Task
Return only the lines from the top of the data down to the one that holds "Hello Algebra 2", both included, without any pictures.
**** Dataset excerpts ****
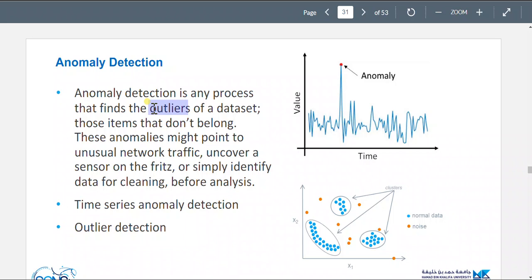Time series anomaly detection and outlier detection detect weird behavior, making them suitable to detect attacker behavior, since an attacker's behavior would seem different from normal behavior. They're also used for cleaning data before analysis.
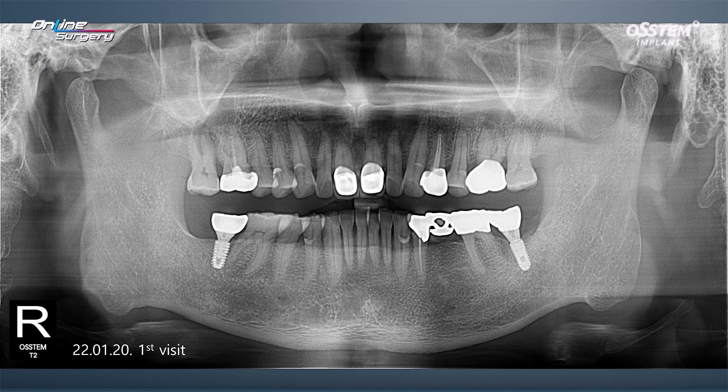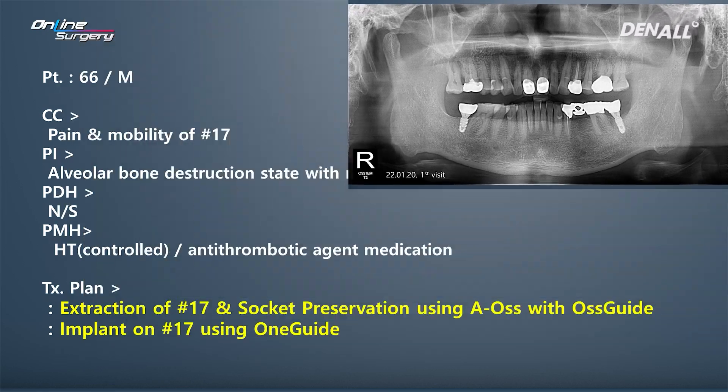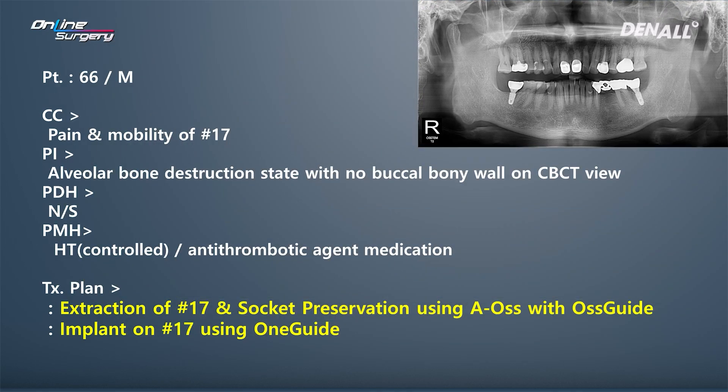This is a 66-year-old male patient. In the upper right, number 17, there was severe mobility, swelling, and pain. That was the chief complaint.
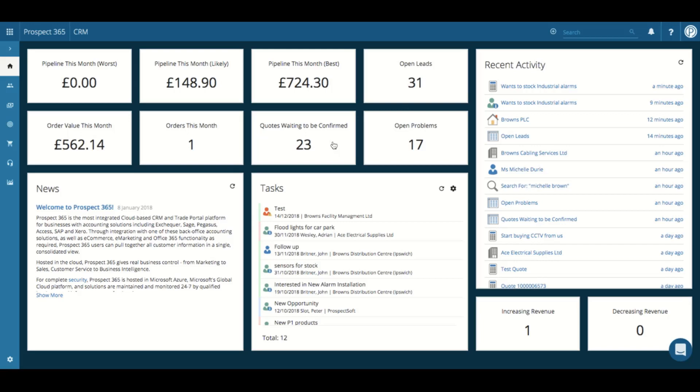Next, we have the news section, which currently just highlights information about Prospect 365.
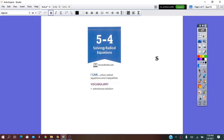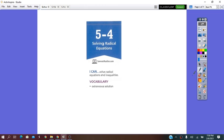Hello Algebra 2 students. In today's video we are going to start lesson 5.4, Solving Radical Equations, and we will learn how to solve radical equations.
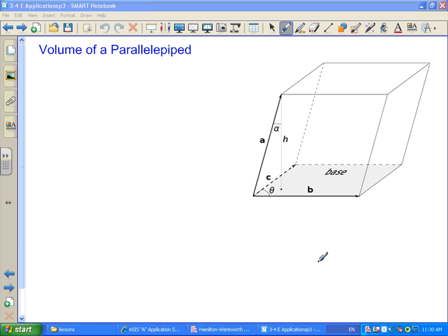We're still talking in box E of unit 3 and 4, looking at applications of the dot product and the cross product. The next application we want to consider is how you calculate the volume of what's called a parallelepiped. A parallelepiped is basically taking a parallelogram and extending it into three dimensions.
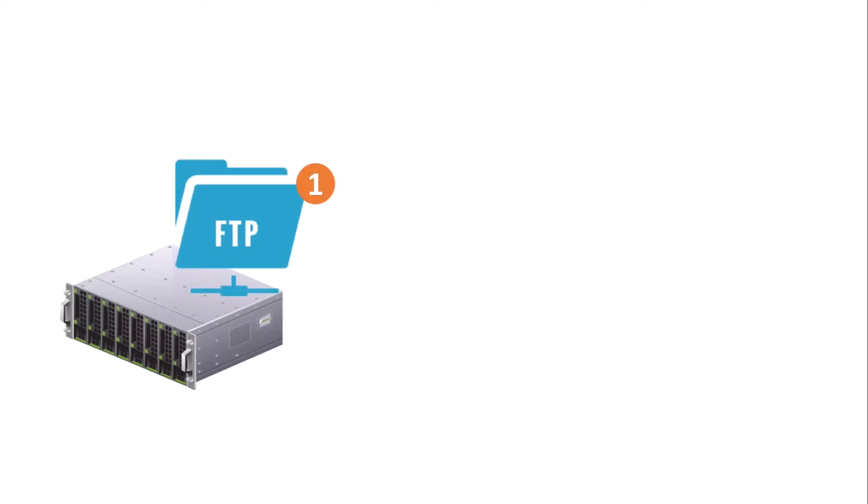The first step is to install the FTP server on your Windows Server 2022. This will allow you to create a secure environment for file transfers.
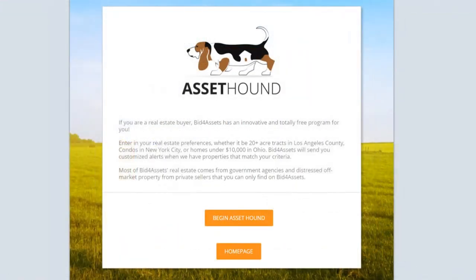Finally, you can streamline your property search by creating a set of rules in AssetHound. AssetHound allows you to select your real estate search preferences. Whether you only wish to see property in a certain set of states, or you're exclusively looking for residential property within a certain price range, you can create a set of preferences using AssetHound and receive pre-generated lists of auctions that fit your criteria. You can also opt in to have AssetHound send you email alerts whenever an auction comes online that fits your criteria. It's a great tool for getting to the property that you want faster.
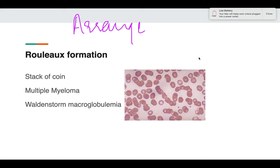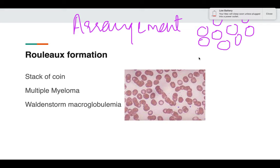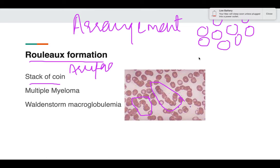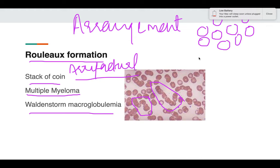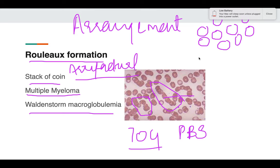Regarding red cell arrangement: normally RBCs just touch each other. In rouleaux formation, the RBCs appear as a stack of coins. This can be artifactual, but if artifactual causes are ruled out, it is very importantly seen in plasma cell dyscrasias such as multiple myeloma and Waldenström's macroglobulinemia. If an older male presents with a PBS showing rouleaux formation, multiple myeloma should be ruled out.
****
Reply
Time series anomaly detection and outlier detection detect weird behavior, making them suitable to detect attacker behavior, since an attacker's behavior would seem different from normal behavior. They're also used for cleaning data before analysis.
This is a 66-year-old male patient. In the upper right, number 17, there was severe mobility, swelling, and pain. That was the chief complaint.
Next, we have the news section, which currently just highlights information about Prospect 365.
Hello Algebra 2 students. In today's video we are going to start lesson 5.4, Solving Radical Equations, and we will learn how to solve radical equations.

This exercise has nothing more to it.